8 Functions
8.1 What is a function?
A “function” in programming is a piece of code that does a specific task, but packages it so it can be called with a single line of code. Functions can be predefined by developers, and also may be custom to any script.
We’ve already been using examples of functions in our psuedocode - such as when we would include the write
statement - and formal functions, such as the print
, cout
, or echo
statements we saw in the conditional examples at the end of the previous chapter.
The print
function does something very simple, which is provide output, either on the R or Python console or interface, that people can read. It is simple to use, but internal code that creates the print function is a little more complex (to say the least). Since communicating output is ubiquitous in all computer languages, each language has some sort of print function as a built in function so it makes it easier for programmers to focus on their particular code.

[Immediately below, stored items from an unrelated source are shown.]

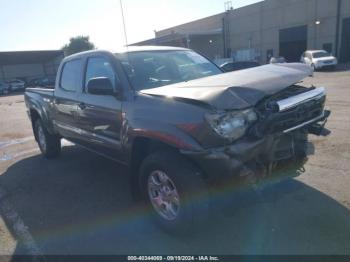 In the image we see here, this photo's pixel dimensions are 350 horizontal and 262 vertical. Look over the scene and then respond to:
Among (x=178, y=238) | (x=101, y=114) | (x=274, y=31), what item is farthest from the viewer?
(x=274, y=31)

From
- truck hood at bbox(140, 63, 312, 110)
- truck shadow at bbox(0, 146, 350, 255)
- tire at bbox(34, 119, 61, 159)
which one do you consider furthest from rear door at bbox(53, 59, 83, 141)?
truck hood at bbox(140, 63, 312, 110)

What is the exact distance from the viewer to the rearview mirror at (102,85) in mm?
3764

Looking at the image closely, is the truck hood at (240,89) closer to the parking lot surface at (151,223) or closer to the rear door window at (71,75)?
the parking lot surface at (151,223)

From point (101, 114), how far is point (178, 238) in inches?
72.3

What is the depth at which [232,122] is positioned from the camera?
9.41 ft

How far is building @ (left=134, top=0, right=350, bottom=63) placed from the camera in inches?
1316

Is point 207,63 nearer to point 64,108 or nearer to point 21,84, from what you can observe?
point 64,108

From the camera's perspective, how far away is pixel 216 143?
2820mm

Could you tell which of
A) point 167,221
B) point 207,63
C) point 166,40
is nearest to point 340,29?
point 166,40

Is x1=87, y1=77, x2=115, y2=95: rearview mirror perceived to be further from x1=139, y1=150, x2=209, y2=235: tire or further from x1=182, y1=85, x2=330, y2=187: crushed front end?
x1=182, y1=85, x2=330, y2=187: crushed front end

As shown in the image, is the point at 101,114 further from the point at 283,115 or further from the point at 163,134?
the point at 283,115

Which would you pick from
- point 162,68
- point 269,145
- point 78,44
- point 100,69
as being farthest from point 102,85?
point 78,44

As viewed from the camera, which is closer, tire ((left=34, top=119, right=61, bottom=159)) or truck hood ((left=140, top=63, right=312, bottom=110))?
truck hood ((left=140, top=63, right=312, bottom=110))

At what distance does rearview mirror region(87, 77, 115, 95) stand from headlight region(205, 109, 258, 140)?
148cm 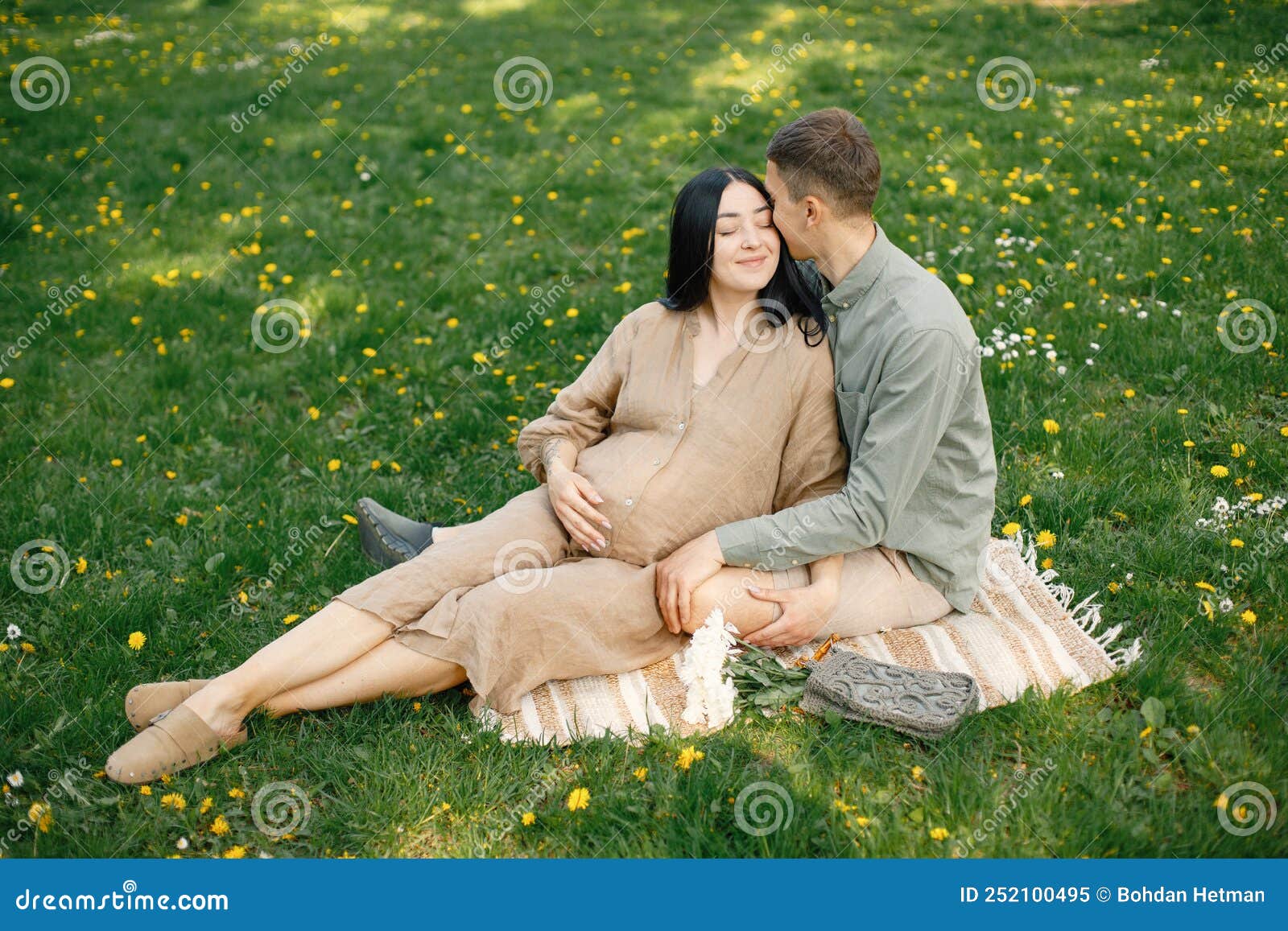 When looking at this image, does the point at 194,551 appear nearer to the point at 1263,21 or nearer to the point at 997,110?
the point at 997,110

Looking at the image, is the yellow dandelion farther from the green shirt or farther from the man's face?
the man's face

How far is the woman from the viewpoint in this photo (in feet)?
9.89

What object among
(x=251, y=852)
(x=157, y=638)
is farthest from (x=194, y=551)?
(x=251, y=852)

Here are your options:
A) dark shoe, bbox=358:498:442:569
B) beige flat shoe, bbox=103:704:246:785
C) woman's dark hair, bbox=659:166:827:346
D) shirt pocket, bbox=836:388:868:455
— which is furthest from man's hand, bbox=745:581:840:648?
beige flat shoe, bbox=103:704:246:785

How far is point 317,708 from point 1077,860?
7.01ft

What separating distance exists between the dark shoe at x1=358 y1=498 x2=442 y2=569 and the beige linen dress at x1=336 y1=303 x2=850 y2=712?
1.86 ft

Functions can do something very simple or very complex. But in essence, functions are used when you know you’re going to do the same task over and over again.
Take our cheesy mashed potatoes example. A simple function might be something like peel_potato()

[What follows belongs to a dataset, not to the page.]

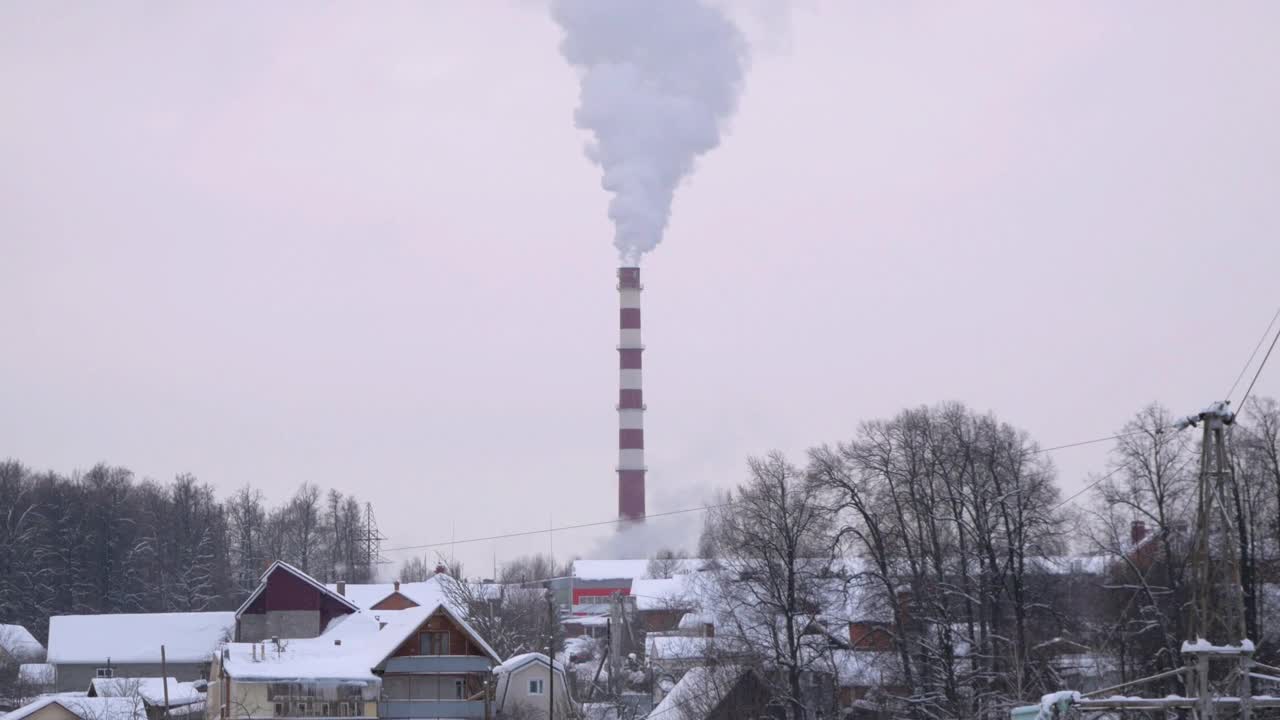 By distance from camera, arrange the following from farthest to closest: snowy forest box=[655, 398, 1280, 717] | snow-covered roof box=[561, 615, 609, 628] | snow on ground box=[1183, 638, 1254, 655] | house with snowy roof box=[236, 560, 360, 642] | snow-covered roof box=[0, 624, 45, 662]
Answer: snow-covered roof box=[561, 615, 609, 628] < snow-covered roof box=[0, 624, 45, 662] < house with snowy roof box=[236, 560, 360, 642] < snowy forest box=[655, 398, 1280, 717] < snow on ground box=[1183, 638, 1254, 655]

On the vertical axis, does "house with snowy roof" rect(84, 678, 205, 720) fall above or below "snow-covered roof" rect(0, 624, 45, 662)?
below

, which would take our first example algorithm on peeling potatoes, and create a function.
The original algorithm Algorithm for peeling potatoes for Cheesy Mashed Potatoes
- Get three pounds of russet potatoes.
- Get bowl large enough to hold three pounds of russet potatoes.
- Get a vegetable peeler.
- Take one potato.
- Peel potato.
- Rinse potato with water.
- Place peeled potato in bowl
- Repeat 4-7 until all potatoes are washed and peeled
But, we don’t want to create a function for the whole thing. We want to create a function that allows us to easily execute what needs to be repeated, Steps 4-7. So the function might look like
define function peel_potato(potato, peeler):
while(potato has skin):
location <- on potato, locate skin
potato <- at location on potato, with peeler remove strip of skin
potato <- rotate potato
// end-while (this is a comment, it begins with // )
potato <- rinse potato with water
return (potato)
// end function definition
A bonus of functions, is you can make them generic if you know the action can be applied over many objects. Perhaps you want to peel both potatoes and carrots, you can make a function for that.
define function peel_vegetable(vegetable, peeler):
while(vegetable has skin):
location <- on vegetable, locate skin
vegetable <- at location on vegetable, with peeler remove strip of skin
vegetable <- rotate(vegetable)
// end-while
vegetable <- rinse_with_water(vegetable)
return (vegetable)
// end function definition
Now the peel_vegetable
function can be used with multiple objects. (Well, it could before, but using the function name peel_potato
would be confusing when trying to peel carrot
or zucchini
. Naming matters, especially for understandability!)
Now that we’ve created a function for peeling vegetables, our algorithm might look like this
potatoes <- 16
peeler <- "swiss peeler"
bowl <- [] // empty array
for potato in potatoes:
bowl <- bowl+peel_vegetable(potato, peeler)
// end for-statement
8.1.1 New Programming Concepts
Sometimes, we may want to add a variable, or function output, to an existing variable type that can accept new information. Other times, we may want to change a variable in a completely different way.
8.1.1.1 Adding to a Variable
These two examples add to something that already exists:
bowl <- bowl+peel_vegetable(potato)
x <- 0; x <- x + 1
A key piece of info here is the original variable needs to be of a data type that can accept the new piece of data.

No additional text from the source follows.